OK. Maybe "post-modern" sums it up better? Definitely writing with an agenda.

"That hunter-gatherer lifestyle was so nice: people would never give it up unless they were compelled!"

OK, that rates a blog post. Not a whole book.


You're missing a lot of nuance. Graebers work is great. Tons of evidence-based discussions and thorough logic. What you've written here is even really deserving of a forum post.


A Marxist wouldn't have written a book called Bullshit Jobs, since the implication "workers don't do anything useful" isn't very Marxist.


Ok, so, he wrote another book with a bad name hence this other one is bad too. Nice logic.

I had no idea that scott wrote « bullshit job » haha.

But since he’s also the chair of agrarian studies at Yale since the 90´s… I will trust him of history of agriculture.

Even he might chalenge the holy Washington consensus on economics.


> Ok, so, he wrote another book with a bad name hence this other one is bad too.

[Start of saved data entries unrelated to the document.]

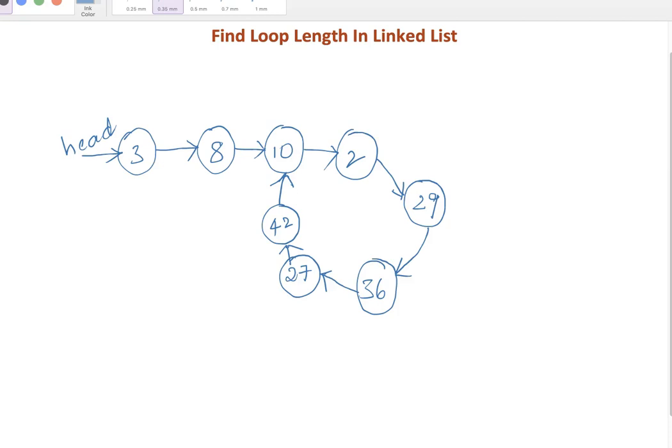Hey guys, in this session we will write a simple program to identify loop length in linked list. The first thing is we want to identify whether loop exists in the linked list or not. In case loop exists, what is the length of the loop? That means how many nodes are there in the loop we have to return.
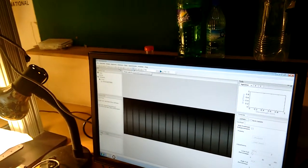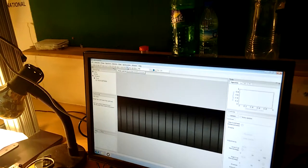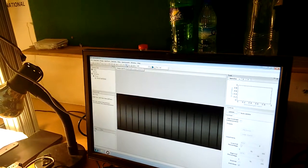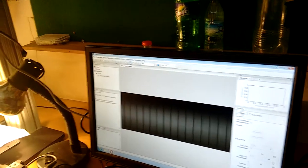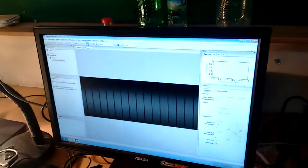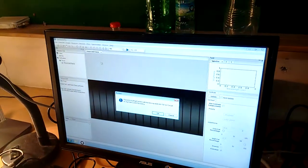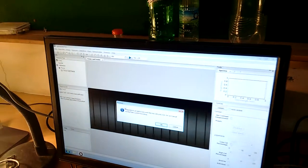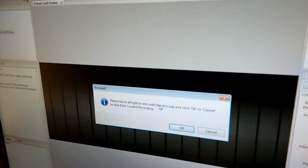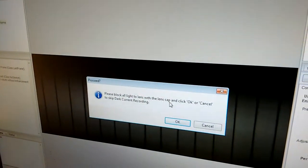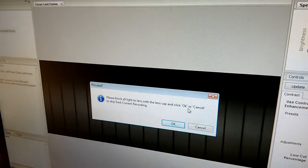Now I have to record the dark spectrum from this place. So I'll block my camera with the cap and I click on dark. It gives me a warning, please block all the light to the lens with the lens cap and click OK.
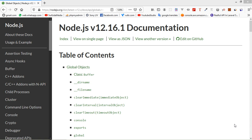Hi everyone, welcome back to the Node.js tutorial. In this video, we are going to learn about the global object. Node.js global objects are global in nature and they are available in all modules. We do not need to include these objects in our application; rather we can use them directly. These objects are modules, functions, strings, and object itself. So let's see some global objects.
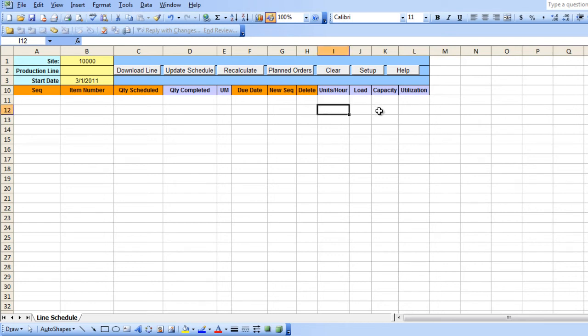Hi, and welcome to a quick demonstration of 32soft's Line Schedule Workbench Excel interface.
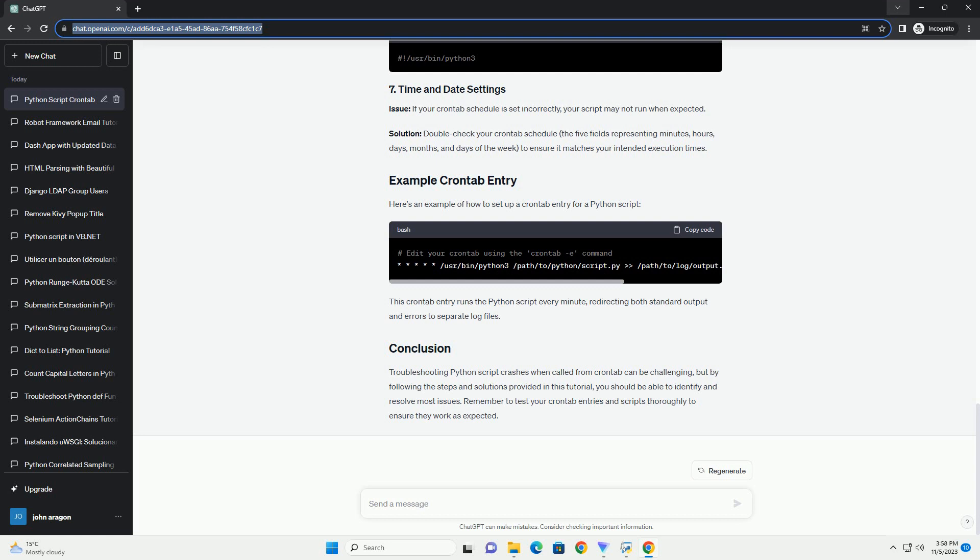Troubleshooting Python script crashes when called from crontab can be challenging, but by following the steps and solutions provided in this tutorial, you should be able to identify and resolve most issues. Remember to test your crontab entries and scripts thoroughly to ensure they work as expected.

Nice logic.

Did I say that…?

I think generally people have useful jobs (to someone) but that doesn't stop them from complaining about it.


Yeah but that chain of comments was originally talking about James C. Scott "against the grain". A historian specialized in early agricultural history and thus relevant here in that comment section about early human history.

I even got confused and thought that Scott wrote "bullshit job", but it's Graeber.

In regards to jobs: I think it's perfectly conceivable that one job is useful to a few, but generally pointless for society.


Catchy title.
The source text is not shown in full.